There something human in the way Julia Ducournau handles the inanimate car in Titane. The opening shots of the innards of the machine approximating a person’s intestines; human blood and bodily discharge turning into motor oil or the heroine Alexia (Agathe Rousselle) brushing, stroking, grazing, fondling, cuddling, and spreading herself to try and embrace the car and surrendering to it in an act of passionate love.
To the contrary, mechanization is at the core of Alexia’s being. With a titanium plate fixed in her head after a car accident in her childhood, it’s as though a robotic beast has come to possess her, clinging staunchly to the chaos raging within. It makes a deviant out of her—a masochist and misanthrope who maims and kills others and harms her own self mercilessly till she insinuates herself into the world of the aging firefighter Vincent (Vincent Lindon) as his long-lost son Adrien. After battling through the stormy sea of life, is he the port that her ship needs to dock into? In turn, does she mirror Vincent’s own lost soul?
Ducournau crafts a peculiar, grotesque tale centred on these man-machine and human-beast contradictions. What’s more, the film, that got Ducournau the Palme d’Or at the Cannes Film Festival and is France’s entry for the best international film Oscar (though it failed to make it to the shortlist), is itself balanced on artistic paradoxes—it is at once revolting just as it is mesmerizing.
To be honest it’s not a film for the faint-hearted. Viewing Titane is like going through trial by fire, experiencing slabs upon slabs of extreme violence and unthinkable perversities but, eventually, in its own twisted way, the journey with Alexia also makes you reach the heart of tenderness. It’s like peeling layers of savagery and brutality to arrive at a kernel of warmth and affection in the Alexia-Vincent bond.
There are moments so nauseating that they force you to look away and wonder at the gratuitousness of it all. At one point, the ceaseless tension also gets unexpectedly punctured with laugh out loud black humor. Tired of killing one roommate after another Alexia asks, “how many of you are there”.
On the face of it Ducournau may not be normalizing or prettifying violence, but is she fetishizing Alexia’s showgirl act (as well as the car), as she dances away surrounded by and framed within the lustful eyes of the crowd of men? Is the filmmaker questioning this objectification of the woman or merely deploying it like yet another titillatory image and pandering to the male gaze? Is it all about giving a subversive, feminist twist to the body horror genre or carrying on faithfully with its age-old traditions?

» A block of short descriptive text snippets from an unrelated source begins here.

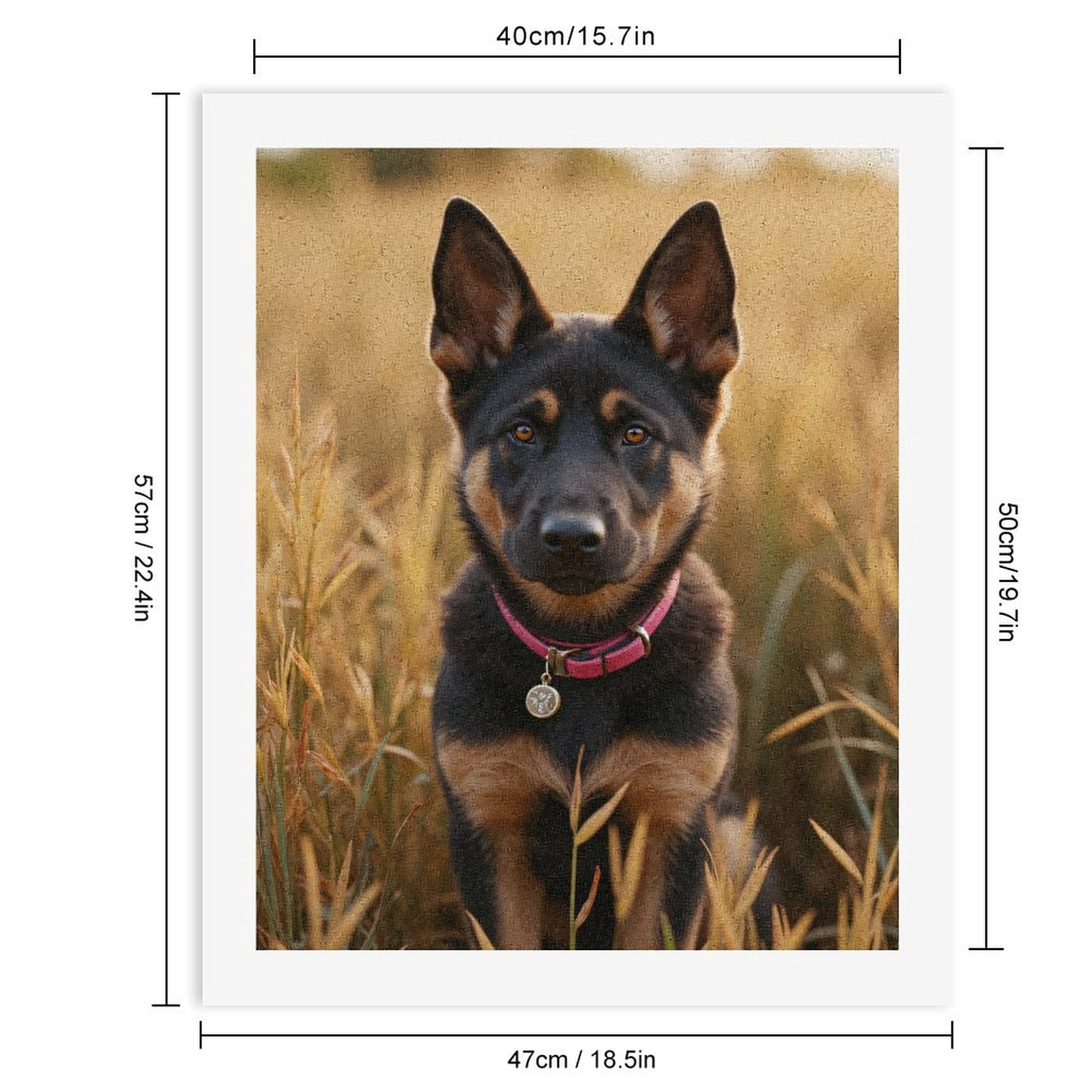Paint By Numbers Kit for Adults Beginner - DIY German Shepherd Dog In Field Canvas Painting Kits for Adults, Frameless Paint By Number for Adults for Home Wall Decor 16x20 Inch
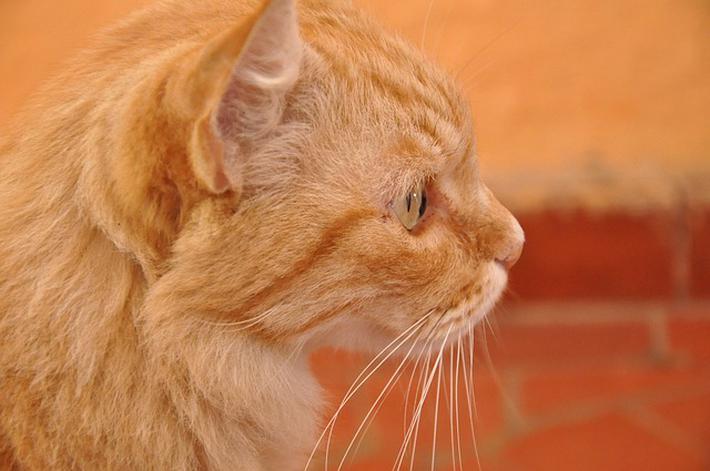 猫有三种血型,却不存在O型血|血型|猫|母猫_新浪新闻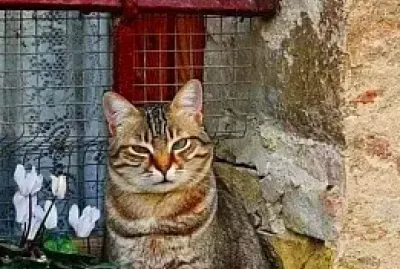 gato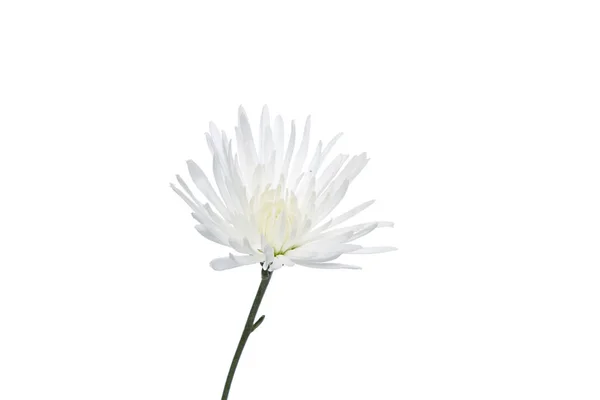 Красиві білих хризантеми — стокове фото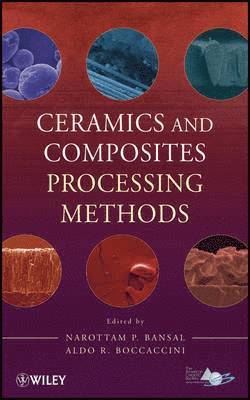 Narottam P. Bansal, Aldo R. Boccaccini - Ceramics and Composites Processing Methods, Inbunden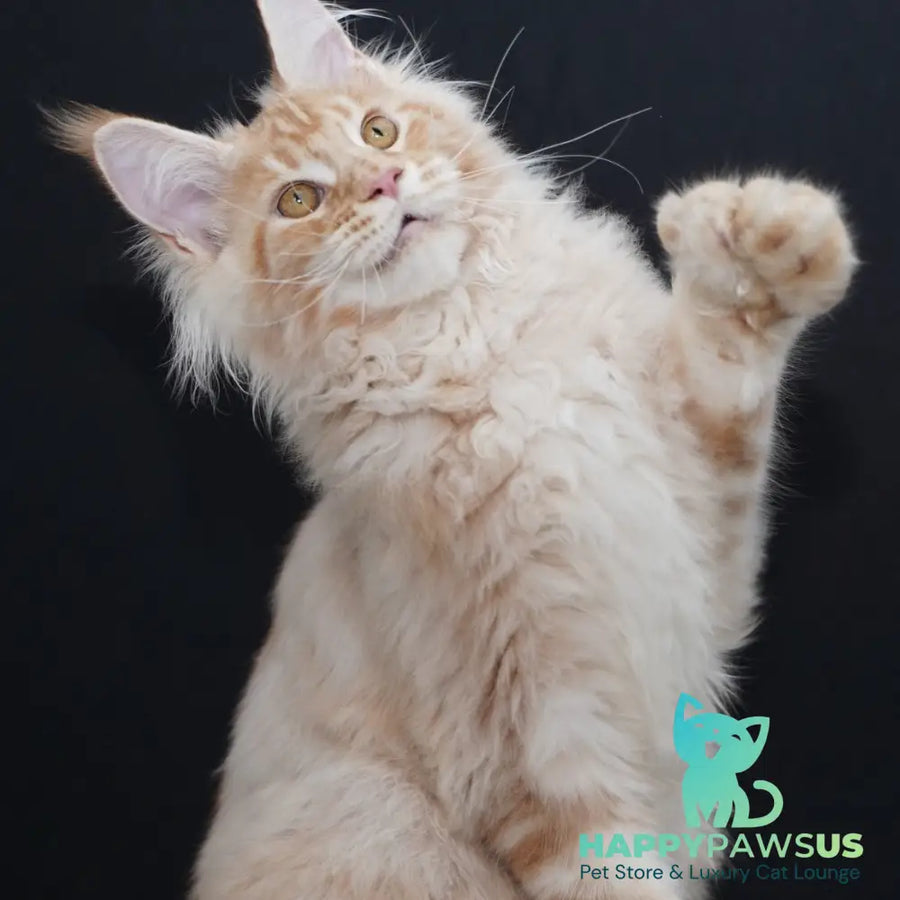 Quasar Maine Coon polydactyl 6x6x6x6 male red silver tabby - live animals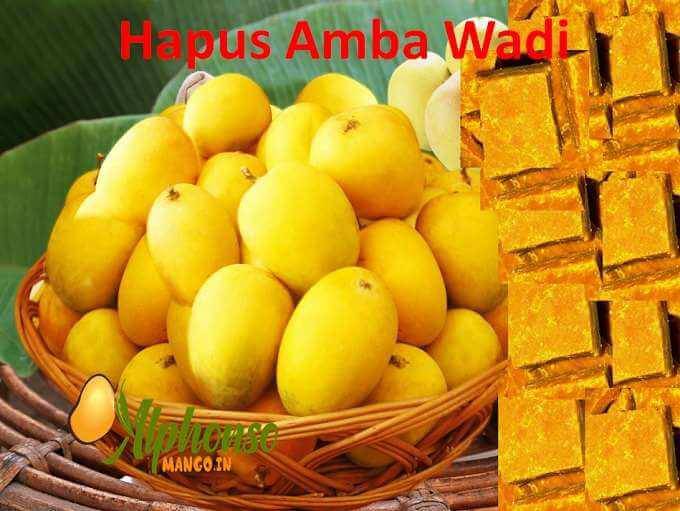 Buy Amba Wadi Online | Mango Barfi Online - AlphonsoMango.in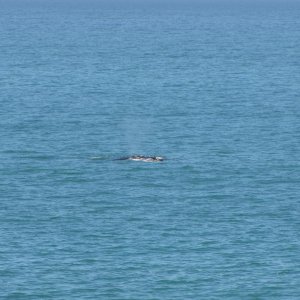 IMG 8565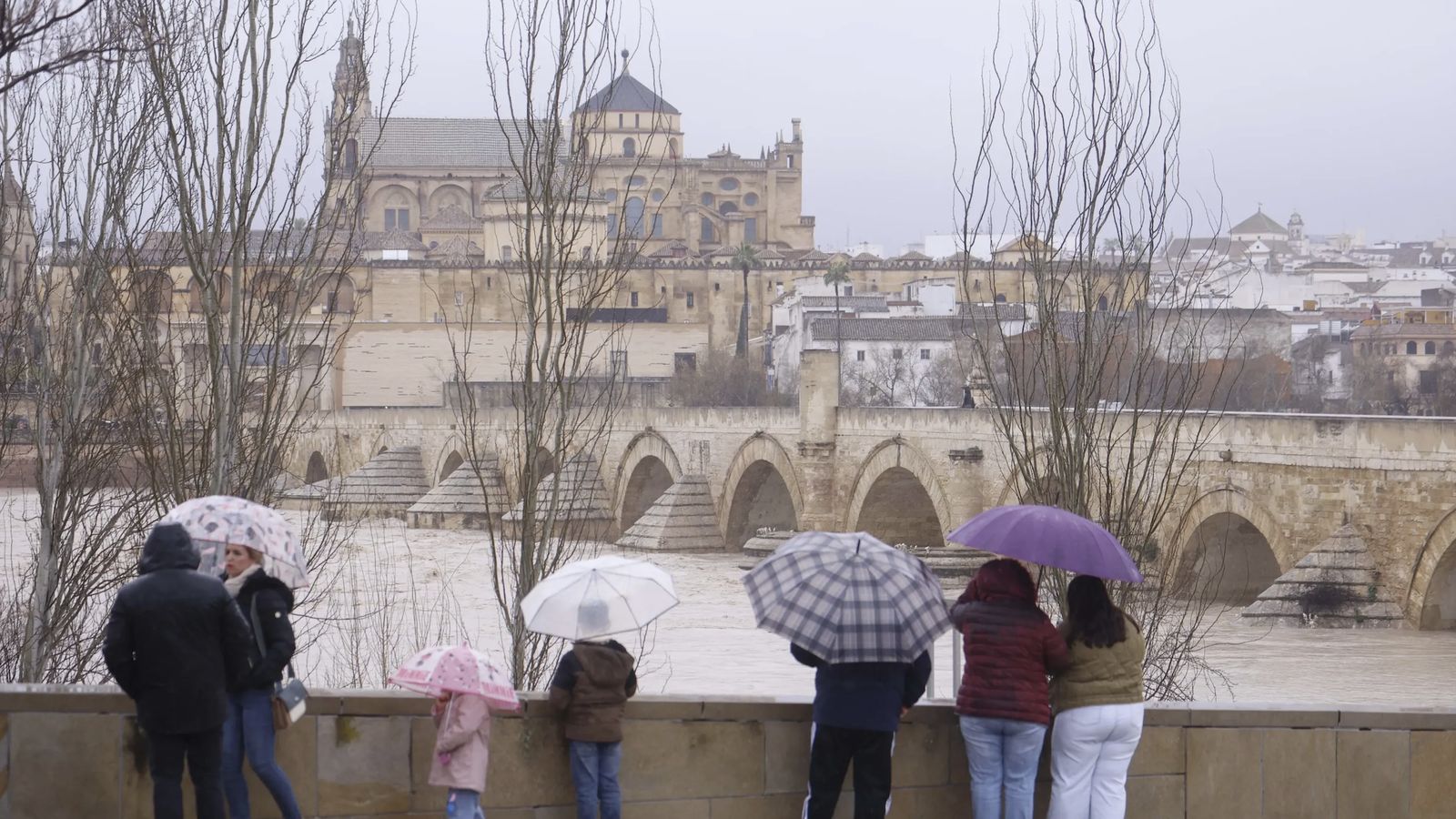 Varias personas observan la histórica crecida del Guadalquivir a su paso por Córdoba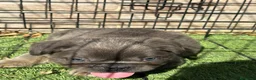 Bulldog Francés perros en venta: Cachorro fuffly  - Anuncio 8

It’s a thin line that the film seems to be treading on here.
Ducournau tests the limits of the viewer, is persistently provocative. But she also wrings your heart with lines swarming with grief, with pain: “If you couldn’t mourn your kid, what would you do?” Or, as Vincent tells Alexia: “I don’t care who you are. You are my son”.
Rousselle’s Alexia is feral in her androgynous persona. Lindon as Vincent is battered, weary, crumbling yet resilient, and makes a profoundly tragic as he goes about reassuring Alexia and her newborn in the finale: “I’m Here”.
At the end of the tunnel of torture, there’s hope, of giving and finding unconditional affection and understanding, however brutalized the individuals themselves might be. However deep the scars might run, they could heal. Whatever be its form, there is no denying the possibility of finding love, redemption, and grace. “Love is a dog from hell”, is a line scrawled on Alexia’s body. It could well be the logline for Titane.